Classification Based on Sequence Features

For cellulases with well-characterized enzymatic properties, a classification scheme could be created that captures the reactivities described above. However, there are a large number of cellulase sequences that have been identified from DNA sequencing that have not been characterized biochemically. To include these new sequences in a classification scheme, and to represent the evolutionary relationships that connect them, a system has been developed [26] and refined [27, 28] that groups like sequences together. This information is available in a searchable database (CAZy, for carbohydrate-active enzyme database; http://www. cazy. org/) that includes structural, functional, and phylogenetic information [7]. At the time of this writing, CAZy currently subdivides the glycohydrolase sequences (EC 3.2.1.x) into 122 distinct sequence families, designated GH1-GH122 (and 956 additional nonclassified sequences).

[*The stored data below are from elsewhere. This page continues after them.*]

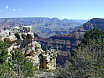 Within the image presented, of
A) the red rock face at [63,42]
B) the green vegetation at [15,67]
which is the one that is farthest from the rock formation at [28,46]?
the red rock face at [63,42]

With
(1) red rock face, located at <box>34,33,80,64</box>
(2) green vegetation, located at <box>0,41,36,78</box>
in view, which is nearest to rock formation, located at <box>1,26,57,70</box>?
(2) green vegetation, located at <box>0,41,36,78</box>

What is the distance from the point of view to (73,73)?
17.1m

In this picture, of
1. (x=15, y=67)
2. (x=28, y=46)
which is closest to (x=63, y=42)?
(x=28, y=46)

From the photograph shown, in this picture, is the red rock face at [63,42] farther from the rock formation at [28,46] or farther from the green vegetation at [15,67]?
the green vegetation at [15,67]

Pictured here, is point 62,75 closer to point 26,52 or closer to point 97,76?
point 97,76

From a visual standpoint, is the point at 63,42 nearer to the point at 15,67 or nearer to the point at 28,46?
the point at 28,46

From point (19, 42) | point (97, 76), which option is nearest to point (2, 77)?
point (97, 76)

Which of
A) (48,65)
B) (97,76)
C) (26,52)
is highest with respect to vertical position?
(97,76)

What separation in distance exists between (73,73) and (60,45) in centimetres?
14126

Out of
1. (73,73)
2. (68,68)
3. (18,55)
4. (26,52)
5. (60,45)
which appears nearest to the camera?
(73,73)

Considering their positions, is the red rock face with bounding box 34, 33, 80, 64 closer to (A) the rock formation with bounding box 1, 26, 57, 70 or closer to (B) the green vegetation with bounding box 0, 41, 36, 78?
(A) the rock formation with bounding box 1, 26, 57, 70

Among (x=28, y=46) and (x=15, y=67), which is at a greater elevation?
(x=15, y=67)

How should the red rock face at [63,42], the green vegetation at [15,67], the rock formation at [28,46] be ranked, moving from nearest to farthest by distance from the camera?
the green vegetation at [15,67] < the rock formation at [28,46] < the red rock face at [63,42]

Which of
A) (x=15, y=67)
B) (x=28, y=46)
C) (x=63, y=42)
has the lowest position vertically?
(x=63, y=42) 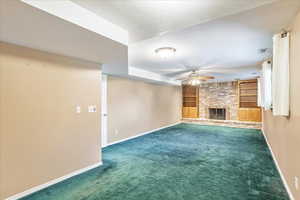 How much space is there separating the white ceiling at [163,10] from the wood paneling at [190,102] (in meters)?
8.02

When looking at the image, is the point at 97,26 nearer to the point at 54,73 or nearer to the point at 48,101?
the point at 54,73

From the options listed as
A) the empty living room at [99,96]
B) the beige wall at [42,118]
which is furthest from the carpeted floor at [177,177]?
the beige wall at [42,118]

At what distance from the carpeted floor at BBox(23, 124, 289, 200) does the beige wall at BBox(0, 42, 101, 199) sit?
34cm

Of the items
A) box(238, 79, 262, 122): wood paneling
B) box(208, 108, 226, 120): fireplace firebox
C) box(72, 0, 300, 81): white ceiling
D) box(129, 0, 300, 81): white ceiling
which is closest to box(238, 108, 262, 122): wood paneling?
box(238, 79, 262, 122): wood paneling

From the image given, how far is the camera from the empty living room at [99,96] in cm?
180

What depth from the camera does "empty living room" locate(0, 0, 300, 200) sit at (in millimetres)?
1800

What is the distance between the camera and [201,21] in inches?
79.9

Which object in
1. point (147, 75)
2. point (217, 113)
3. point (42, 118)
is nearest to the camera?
point (42, 118)

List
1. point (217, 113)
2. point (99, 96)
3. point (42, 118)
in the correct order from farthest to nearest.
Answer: point (217, 113) → point (99, 96) → point (42, 118)

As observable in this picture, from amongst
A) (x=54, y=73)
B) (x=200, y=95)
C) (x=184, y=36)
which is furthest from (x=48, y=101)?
(x=200, y=95)

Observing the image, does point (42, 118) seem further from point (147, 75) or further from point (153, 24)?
point (147, 75)

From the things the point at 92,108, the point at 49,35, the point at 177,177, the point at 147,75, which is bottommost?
the point at 177,177

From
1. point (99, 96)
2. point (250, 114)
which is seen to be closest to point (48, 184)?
point (99, 96)

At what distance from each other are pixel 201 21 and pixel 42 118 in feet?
9.12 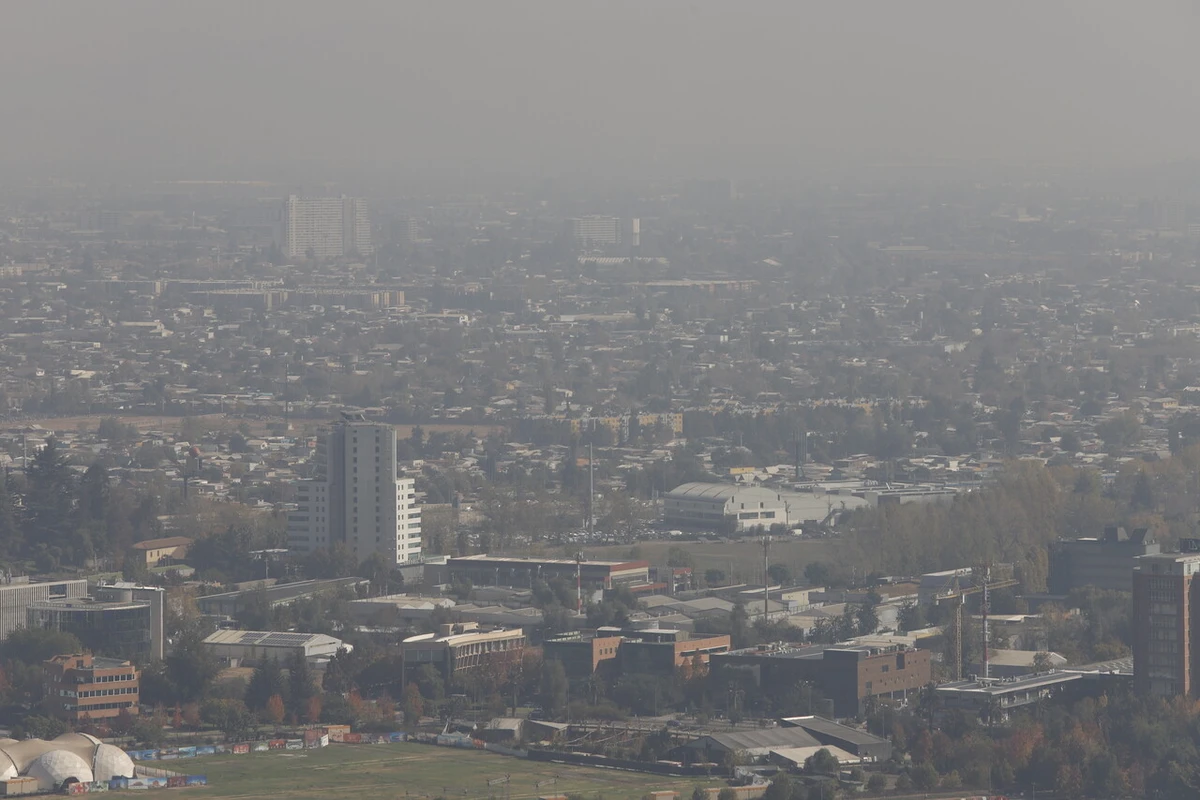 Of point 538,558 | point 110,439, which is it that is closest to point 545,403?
point 110,439

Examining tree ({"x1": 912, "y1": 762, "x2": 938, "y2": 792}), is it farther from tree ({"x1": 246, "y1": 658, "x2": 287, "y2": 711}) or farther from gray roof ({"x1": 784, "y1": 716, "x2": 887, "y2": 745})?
tree ({"x1": 246, "y1": 658, "x2": 287, "y2": 711})

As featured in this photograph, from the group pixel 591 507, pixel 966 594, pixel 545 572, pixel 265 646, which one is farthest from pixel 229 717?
pixel 591 507

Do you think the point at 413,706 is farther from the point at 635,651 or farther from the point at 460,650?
the point at 635,651

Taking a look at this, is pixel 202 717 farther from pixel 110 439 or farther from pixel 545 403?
pixel 545 403

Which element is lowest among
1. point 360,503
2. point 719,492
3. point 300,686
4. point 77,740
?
point 77,740

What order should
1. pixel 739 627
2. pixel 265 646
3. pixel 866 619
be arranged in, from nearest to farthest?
pixel 265 646 < pixel 739 627 < pixel 866 619

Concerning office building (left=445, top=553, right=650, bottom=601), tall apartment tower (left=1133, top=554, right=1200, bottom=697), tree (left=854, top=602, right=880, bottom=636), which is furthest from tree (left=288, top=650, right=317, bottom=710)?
office building (left=445, top=553, right=650, bottom=601)

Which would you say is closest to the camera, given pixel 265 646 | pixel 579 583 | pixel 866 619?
pixel 265 646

The GH families that are tagged with relevant EC numbers for cellulose degrada­tion (EC 3.2.1.4, EC 3.2.1.21, and EC 3.2.1.91) are shown in Table 1. Although there are 21 families that contain one or more members from one of these three EC groups, the bulk of the cellulases are in GH families 5, 6, 7, 8, 9, 12, and 44, 45. GH families 5, 8, 9, 12, 44, and 45 are largely composed of endocellulases (at the exclu­sion of exocellulases), whereas GH families 6 and 7 include both endocellulases and exocellulases (Table 1); exocellulases in GH-6 act on the nonreducing end, whereas exocellulases in GH-7 act on the reducing end. There do not appear to be GH families composed exclusively of exocellulases. Nearly all b-glucosidases are in GH families 1 and 3.